Am nächsten Tag mittags erwacht dann schließlich der Wind und wir segeln mit dem Parasailor bis direkt nach Pollenca. Hier verbringen wir nicht nur 2 sehr nette Abende mit Claudia und Boris, sondern mieten auch einen Mini, mit dem wir die Insel erkunden und alte Erinnerungen auffrischen. Die kurvenreichen Straßen durch die Tramontana, der unglaublich verwundenen Straße mit der 270° Kurve in die Cale de Sa Calobra, Deia, Valdemossa und natürlich Mercadona.

Den Mistral wollen wir nutzen, um um das berühmt berüchtigte Cap Formentor zu segeln, anschließend wollen wir in der C. de Sa Calobra ankern. Seit meinem ersten Besuch auf Mallorca wünsche ich mir das und gestern haben wir uns das vom Land aus angeschaut. Wenn nicht zu viele Boote in der Bucht stehen, sollte das gehen. Dafür müssen wir zuerst gegen Wind und Welle kreuzen. Um nicht zu viel Zeit zu verlieren nehmen wir den Motor dazu. Um das Cap Formentor segeln wir dann ohne Motorunterstützung, ein erhabener Moment. Viele Legenden ranken sich um diesen oftmals von der Brandung umtosten imposanten Felsen, wir segeln bei geringem Seegang gemütlich vorbei. Ein wenig später ergattern wir in der Calobra ein feines Ankerplatzerl.
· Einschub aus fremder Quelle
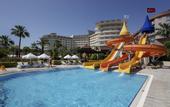 Туры в отель Saphir Resort & Spa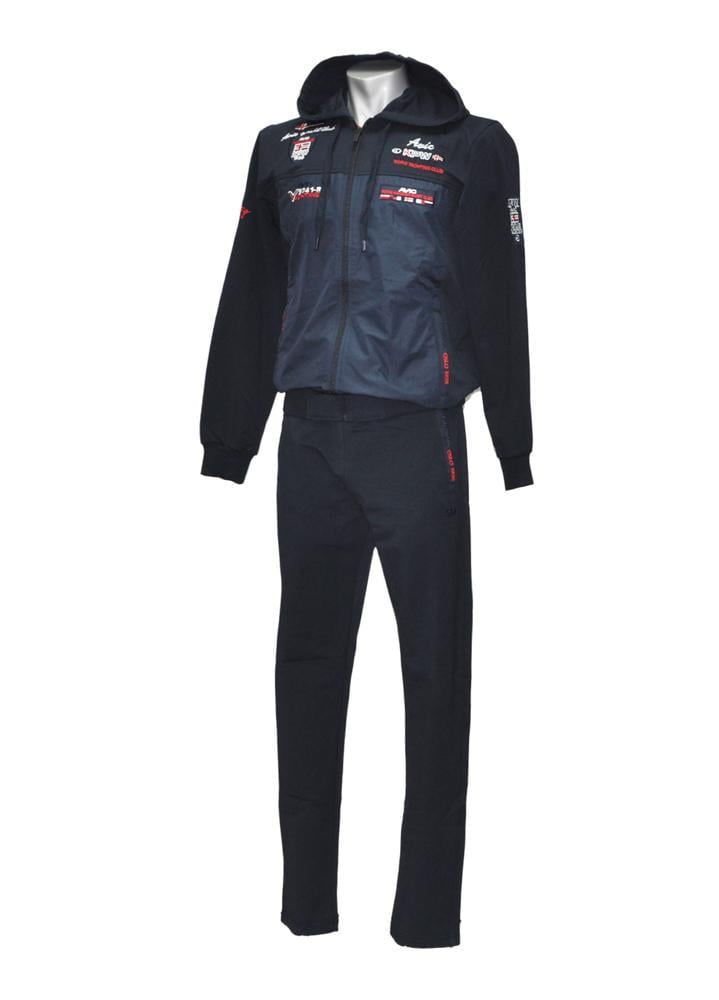 Костюм Avic 5212x51 чоловічий М Темно-синій Костюм Avic 5212x51 чоловічий М Темно-синій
Unser Weg führt uns weiter nach Port de Soller, wo wir 2 Nächte ankern, die Crew der SY Bärbel aus der Schweiz kennenlernen und einen Ausflug mit der historischen Tram nach Soller unternehmen Eine Nacht verbringen wir in der landschaftlich wunderschönen aber rolligen Bucht Cova de Sa Sal vor dem berühmten Elefantenfelsen. Das Wetter schlägt um, es gibt Warnungen vor Wellen und Sturm. Wir suchen Schutz in San Elm an einer sündteuren Boje. Zum Glück verläuft die Nacht sehr ruhig, es regnet kurz und der Wind hält sich hier in Grenzen. Das Geld für die Boje hätten wir uns sparen können, aber im Nachhinein ist man immer klüger. Heute haben wir einen Ankerplatz gleich neben der Boje ergattert, der kostet nichts. Hier bereiten wir uns auf die morgige Überfahrt nach Ibiza vor, wir wollen das erste Mal unser Passatsegel ausprobieren.